Which approach is even an option depends on your estimand. Using a mixed model for repeated measures can only target a limited number of estimands (e.g. the hypothetical “as if everyone had completed treatment of the interventions assigned at randomisation”), while with MI you are a lot more flexible. On some cases you may wish to use a joint model for multiple outcomes (e.g. this paper I wrote with colleagues a while ago has a nice example where that it’s very important to do that or to do a joint MI: https://doi.org/10.1002/pst.1705)

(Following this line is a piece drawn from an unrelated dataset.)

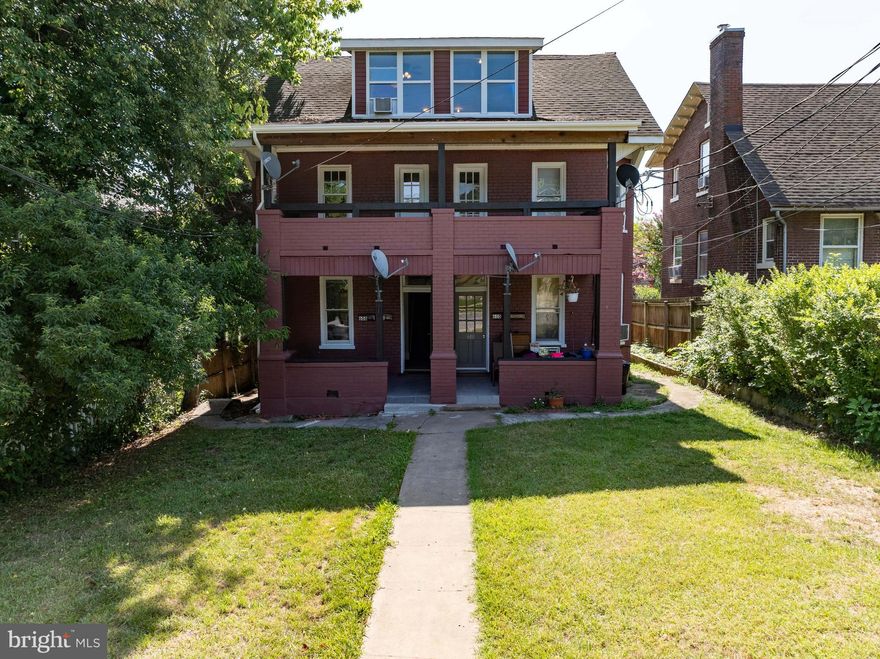 Here's an opportunity to own an all Brick 4 unit building located in a Historic District of Martinsburg overlooking  Boydville.   This classic building has been owned by the same family for over 30 years.  Large main level apartments boast of front and rear porches while the upper units are 2 story with large covered front porches.  Units have been updated.  New windows throughout.  This would make  great furnished unit rentals  while you live in the expansive 2 story upper unit.  Electric is metered separately, with water and sewer having 1 meter.  608 #1 is 2 Bedroom, 1 full and 1 European wet room bath.  The room in the back, accessed from the rear yard, could be a seperate efficiency unit or lock out unit.  Large lot with alley access and covered carport in the rear for parking along with on street parking.  This is truly a great find for investors or owners who want additional income while living in one of the units.   3 of the units are vacant as they have been freshly painted and updated.  Currently 1 occupied unit.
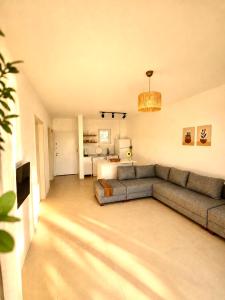 a living room with a couch and a table at Gammi Hayıtbükü in Datca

One worry about the joint model is that it does not provide marginal treatment effects (treatment effect on one endpoint ignoring the other endpdoints). I think the treatment may even appear to be weak on two endpoints but strong on each one marginally.

Dear Marc,

Thank you once again for alerting me to this helpful post. If I have understood what you have written, your default lme model specification is

follow-up y ~ group*y0  +   time*treat  +  (1| id)

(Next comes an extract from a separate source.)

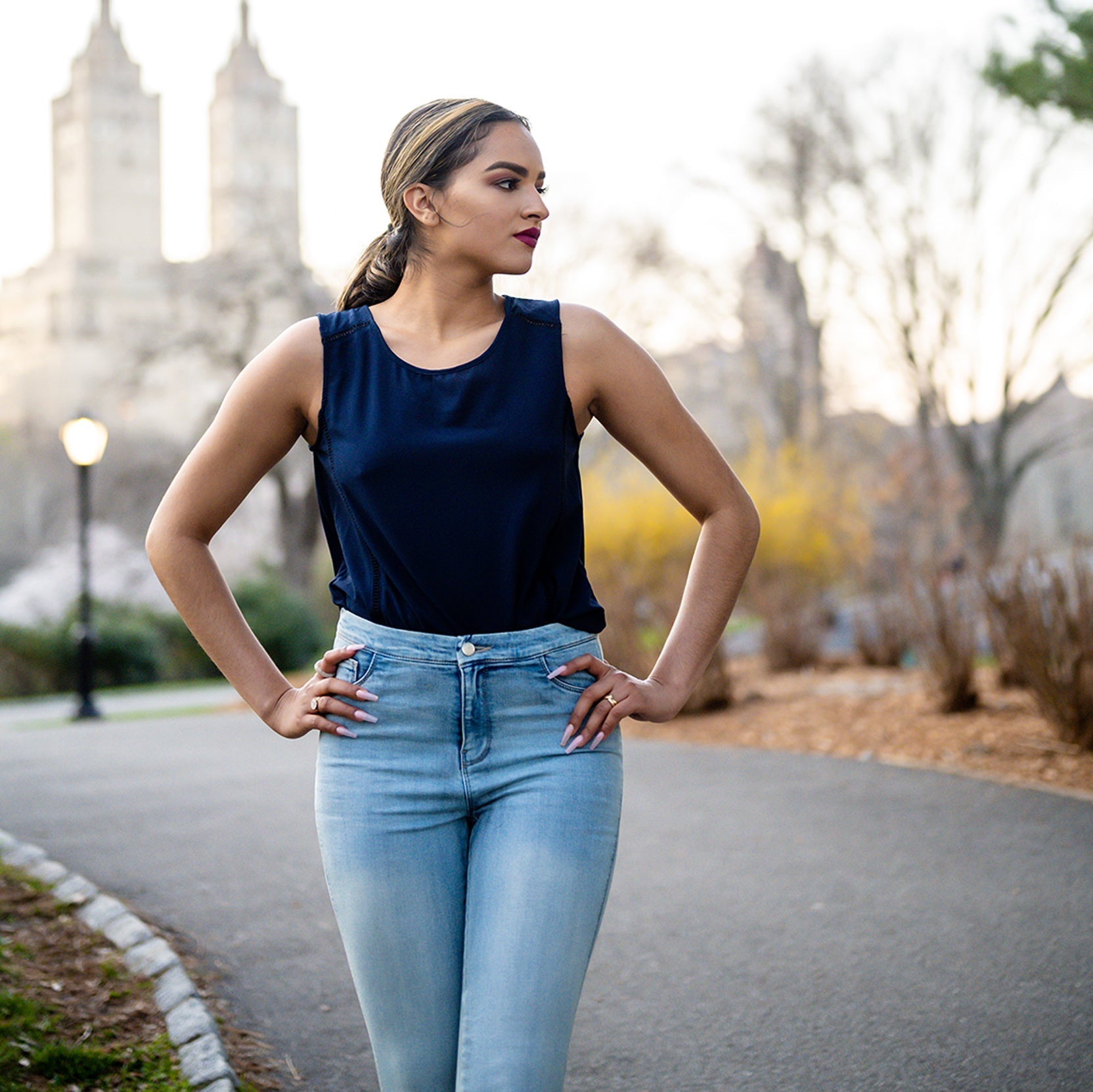 Woman in a navy top and light blue jeans standing outdoors with blurred background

whilst Jorge’s M4 (which you seem to endorse) is

follow-up y ~ time*y0  +   time*treat  +    (1| id)

In M4, an interaction between baseline outcome and time is specified presumably because the associations between baseline and follow-up outcomes wane over time.

Could you kindly clarify on the rationale for including group*y0? Are we assuming that the between-group differences vary as a function of baseline outcome?

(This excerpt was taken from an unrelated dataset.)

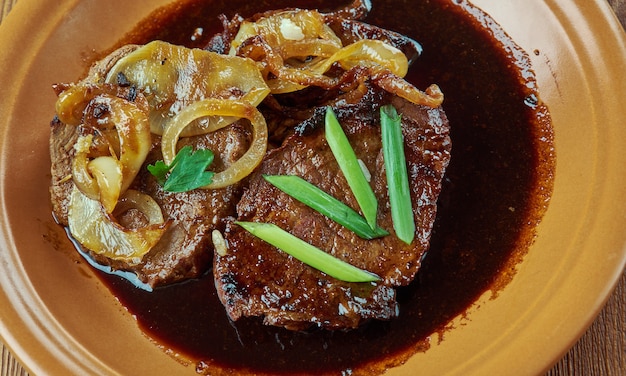 Bistek -  Mexican dish of pieces of salted and peppered sirloin,served in tortillas as a taco.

Thank you in advance for your guidance.

Hi puayonghao,

I am scratching my head a bit on going back to review that thread from several months ago, and the discussion on that particular point. Jorge had asked about a preference between M3 and M4 in his original post, and it is possible that I mis-read his M4 as being:

M4: y ~ treat * y0 + time * treat + (1 | id)

where I mis-read the first interaction term as using ‘treat’ (treat * y0) instead of ‘time’ (time * y0), where the former is consistent with the model that I use by default.

That being said, yes, the use of “Group * T1” in my formula, which expands to “Group + T1 + Group:T1”, is to enable a consideration for the presence of an interaction between the treatment group and the baseline measurement.

That is, the slope of the change over time for each treatment group is different, predicated upon the baseline value, rather than presuming a fixed marginal treatment effect over time, where the lines are parallel to each other. Those lines may even intersect over the range of baseline values, thus reversing the direction of the treatment effect at one end of the range versus the other.


Dear Marc,

Thank you for the detailed clarification! It seems sensible not to assume a fixed treatment effect across the different baseline values, and I am wondering if specifying this interaction is akin to assessing differential treatment effects? If so, does one run into statistical power problems?

Hi puayonghao,

Any time you add more covariate degrees of freedom to the model, via additional covariates, adding interaction terms, adding regression splines, more complicated random effects, etc, there will be an impact on effective power and therefore, sample size requirements, all else being the same.

If you are applying the model on a post hoc basis to an existing cohort, you may not have a sufficient sample size (power) to assess more complicated models, and there are various issues and limitations to consider there, since you may be effectively overfitting the model.

If you are designing a new, prospective study, and you want to conduct power/sample size assessments where you are perhaps using a mixed effects model as your primary outcome analysis method, and you are using lme4 based models in R, you can use the “simr” CRAN package as one possible option:

which provides for Monte Carlo simulations within the lme4 based model framework.

In terms of differential treatment effects, the use of interaction terms can be part of the process to assess those. There are numerous papers and guideline documents on the subject, and I might point you to a relatively recent publication:

and where the first several references therein are also good additional resources to review.


Thank you for the very helpful clarification and for pointing me to useful resources!